I am planning to board my loft mainly for light storage and an occasional quiet study area. It will mainly be used for storing cardboard boxes and fairly light weighing clutter. The study area will be a desk with a computer and a chair. This is not a loft conversion as the roof is not high enough and have nowhere to put a staircase. I just plan to board the floor and the rafters. So it will be more of a large storage cupboard accessed with a loft ladder. Most of the time, I will be the only one accessing the loft and I weigh 75 kilograms. The stored junk (spread across the two sloping sides of the roof) and study stuff will probably not exceed 100kg at the most. Then there is the existing cold water tank.

My house is a mid terrace which was built in 1926. It is of rafter and purlin style as seen in the pictures. The purlin isn't fixed to the brick wall, they are purely supported by three beams which are fixed to the ceiling joists at the bottom. The rafters are the same as the ceiling joists in both wood and size.

The ceiling joists are 4x2 and spans between the load bearing walls at the front and back of the house at 12" centres. There is also an additional load bearing wall more or less at the centre partitioning the font/back living room and master bedroom/hallway. There are also a few more non load bearing walls on the second floor which separates individual bedroom. Therefore there is some support at a few metres at the most. I don't know what wood the ceiling joist and rafters are made from, but they seem very solid. However warning from other people about the fact that ceiling joists cannot support a floor, I plan to install extra 4x2 joists (raising the floor by 2 inches) to cross batten existing ceiling joists at 12" centres to slightly strengthen the floor and to allow pipes and wires to remain undisturbed.
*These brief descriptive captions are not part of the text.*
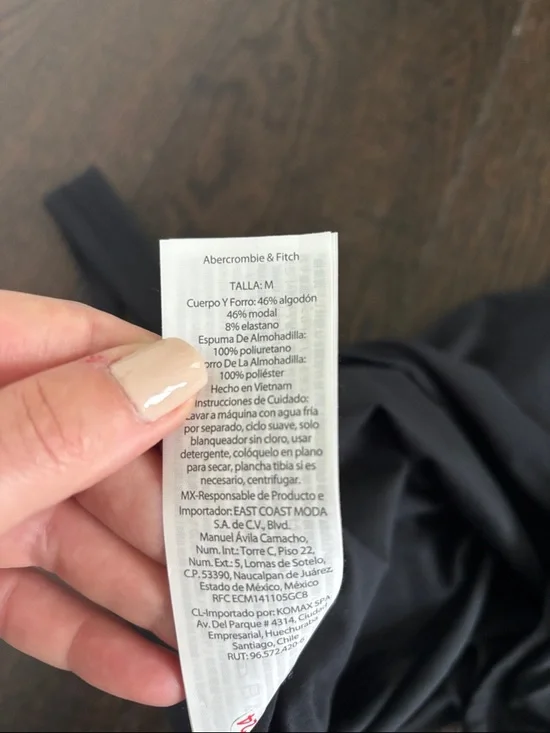 Abercrombie & Fitch Black Twist-Front Camisole with Bead Accents - Picture 5 of 5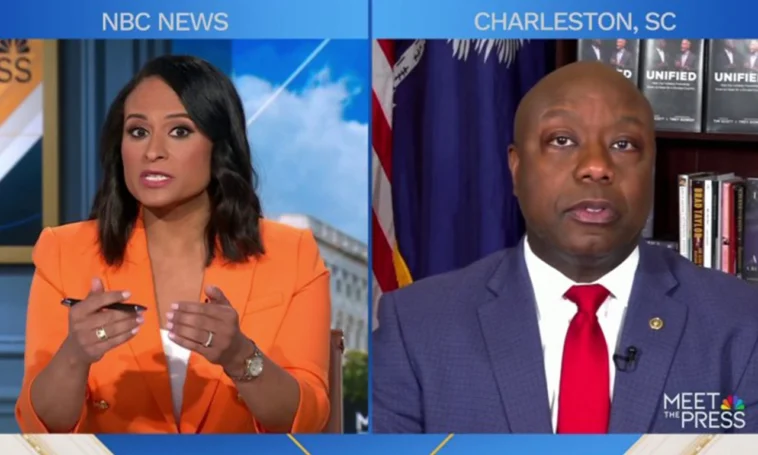 Tim Scott Slams Kristen Welker's Attempt to Shield Democrats Over Their Abortion Position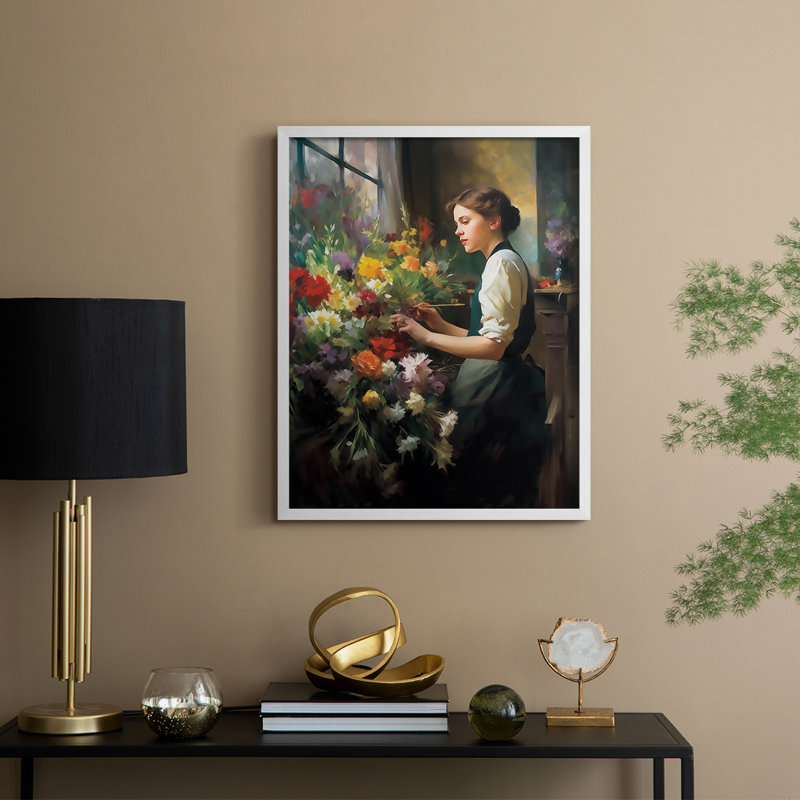 Reproduction encadrée WOMEN Series CDXLVII - bois massif, H 30 po x l 24 po, Blanc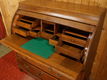 Antiek roltop bureau Computer rolluik buro meubel secretaire oude rolluik Empire roltop - 6 - Thumbnail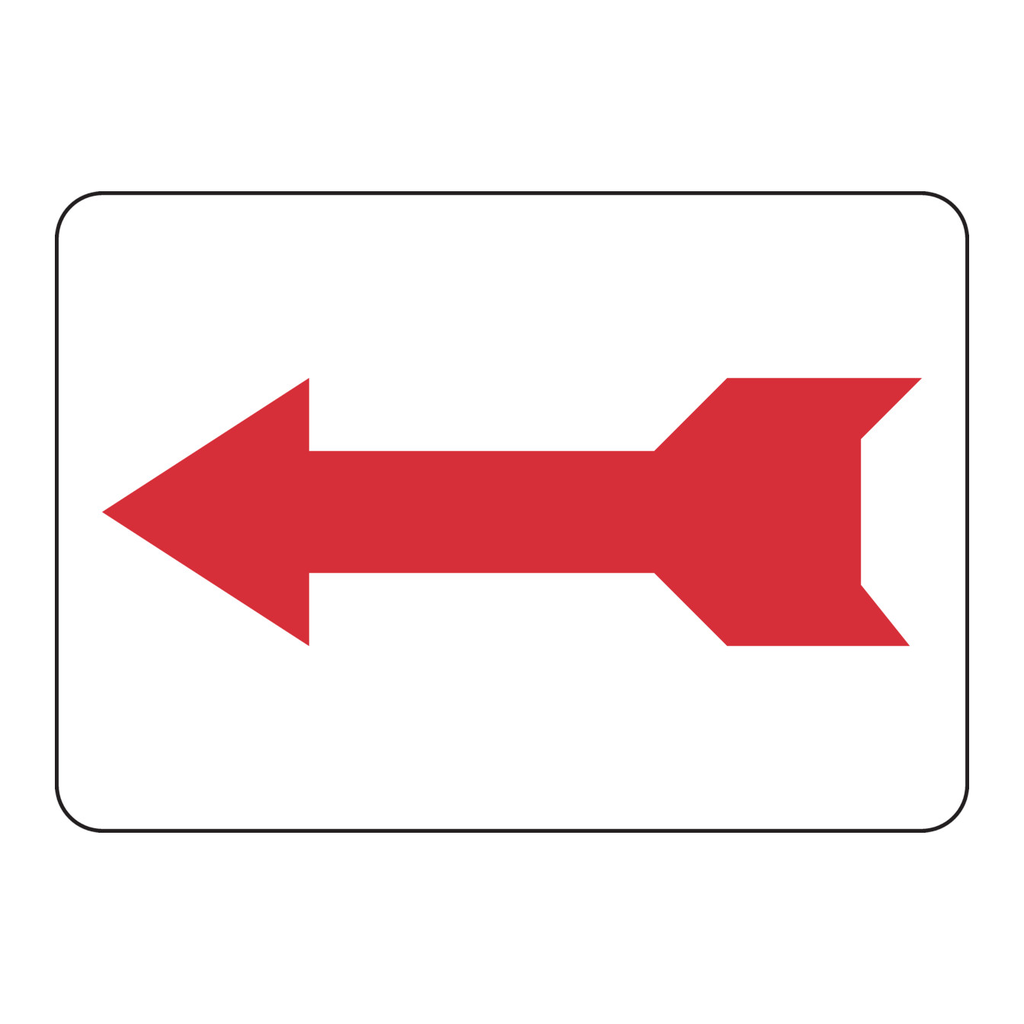 Brady Left Arrow Sign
Due to various reasons, it is unfeasible to sister the existing ceiling joists, so I want to run additional joists at 90 degrees angle with a 3" screw at each existing ceiling joist. This framework of wood, will in theory, help spread the load to minimise floor deflection, but in practise, is this method good enough for strengthening the floor? If not what alternative do I have? Also are the rafters strong enough to support plasterboards? (They are currently supporting Marley concrete tiles which replaced natural slates).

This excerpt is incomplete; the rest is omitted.